Andrey Popov - stock.adobe.com

NAO report highlights tech failings in flagship DWP project

Lack of tech skills, disconnected agile development and non-compliance with government standards are among the issues identified in report

The National Audit Office’s (NAO’s) report into delays in the Department of Work and Pensions’ (DWP) Pension Dashboard Programme (PDP) has identified several project failures that contributed towards delays.

Once completed, the PDP could benefit millions of people by providing a secure, comprehensive and online point of access for information about their pensions.

However, the estimated cost of the PDP has increased by 23%, from £235m in 2020 to £289m in 2023, while the estimated gross benefits have fallen from £437m in 2022 to £413m in 2023.

Gareth Davies, head of the NAO, said: “Delivery delays due to shortfalls in digital capacity and capability have pushed back the final deadline for pension providers and schemes to connect to the PDP by a year, with no date currently set for citizens to benefit.”

While the DWP is responsible for policy relating to pensions dashboards, it has delegated responsibility for delivering the PDP to the Money and Pensions Service (MaPS), which worked with Capgemini to deliver the project.

The NAO report found that MaPS’s contract with Capgemini had constraints that hampered MaPS’s ability to oversee effectively the design and delivery of the digital architecture.

“The architecture was commissioned through individual statements of work allowing it to be delivered iteratively using an agile approach, but the acceptance criteria for these statements were not robust enough to protect the programme effectively against poor quality or non-delivery,” the report’s authors wrote.

They added that this resulted in Capgemini not delivering some aspects of the architecture to the standard expected, prompting MaPS to retain two payments in 2022.

Another factor highlighted by the NAO is that MaPS’s small digital function meant it had limited resilience to staff turnover in this area and the PDP also had specialist roles that did not exist elsewhere in MaPS.

The NAO noted that, right from the start, the delivery and technical complexity of the programme, as well as the capability and capacity required, were under-estimated. There were also recruitment and retention issues.

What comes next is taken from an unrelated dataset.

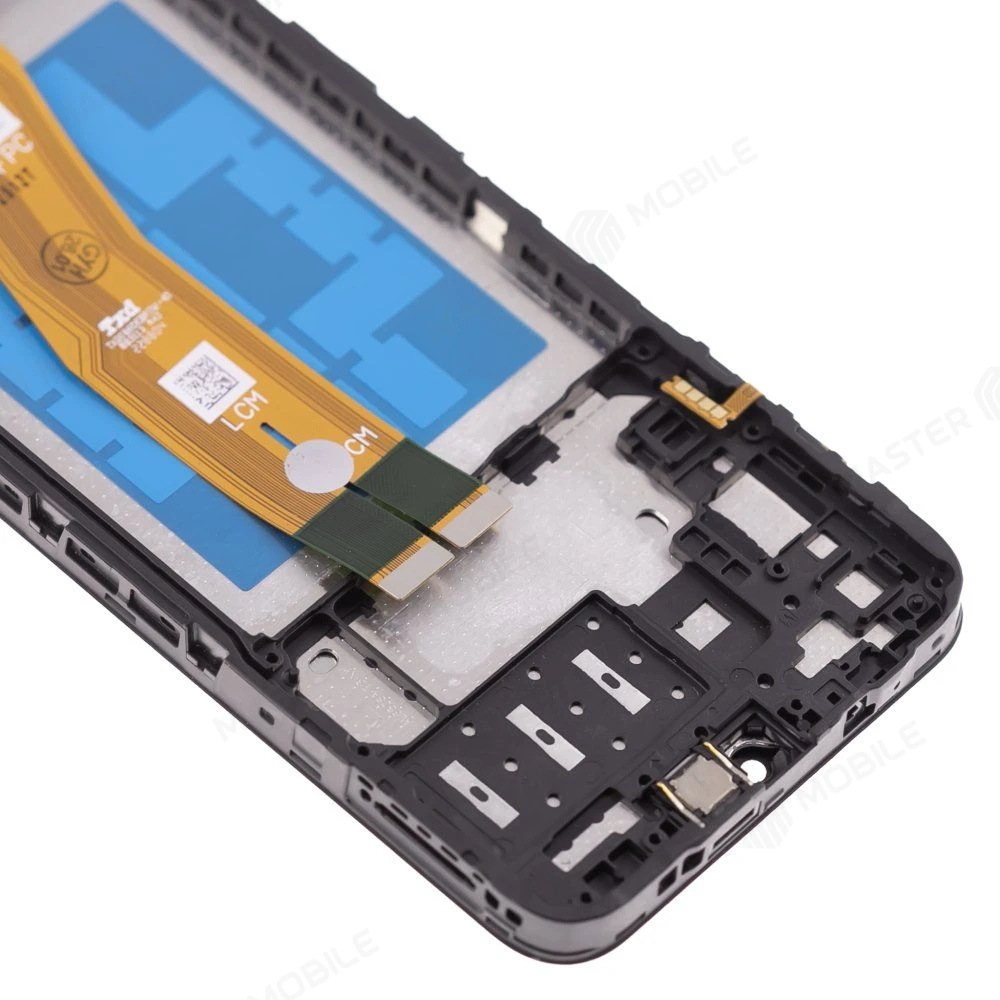 Дисплей для Samsung A145 Galaxy A14 + тачскрин (черный) (в рамке) (ORIG100) (SP) фото №3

The NAO said that the lack of skills, coupled with limits on the reward it could offer for specialist roles, meant that it had been unable to fill vacancies in the programme team for a sustained period.

The authors of the NAO’s Investigation into the pensions dashboards programme report said that the PDP is currently being reset: “DWP and MaPS have made progress in some areas including revising the PDP’s delivery plan, reviewing the digital architecture to ensure it meets requirements.”

The NAO also reported that the digital architecture did not have several components to comply with Cabinet Office, Central Digital and Data Office and broader government data protection and security standards and despite improvements, the governance was not robust enough to enable effective decision-making. The report’s authors wrote: “There was little evidence that the programme board was providing sufficient scrutiny and challenge.”

They recommend the appointment of a senior digital expert from DWP to be more directly involved in programme governance, including by sitting on the programme board.

The NAO also recommended that the DWP establish a working-level team of digital resources to support the PDP. “Given MaPS’s continuing resourcing challenges, DWP’s digital team would work with the PDP to review the revised delivery approach, identify resourcing gaps and agree how to address them,” the report’s authors wrote.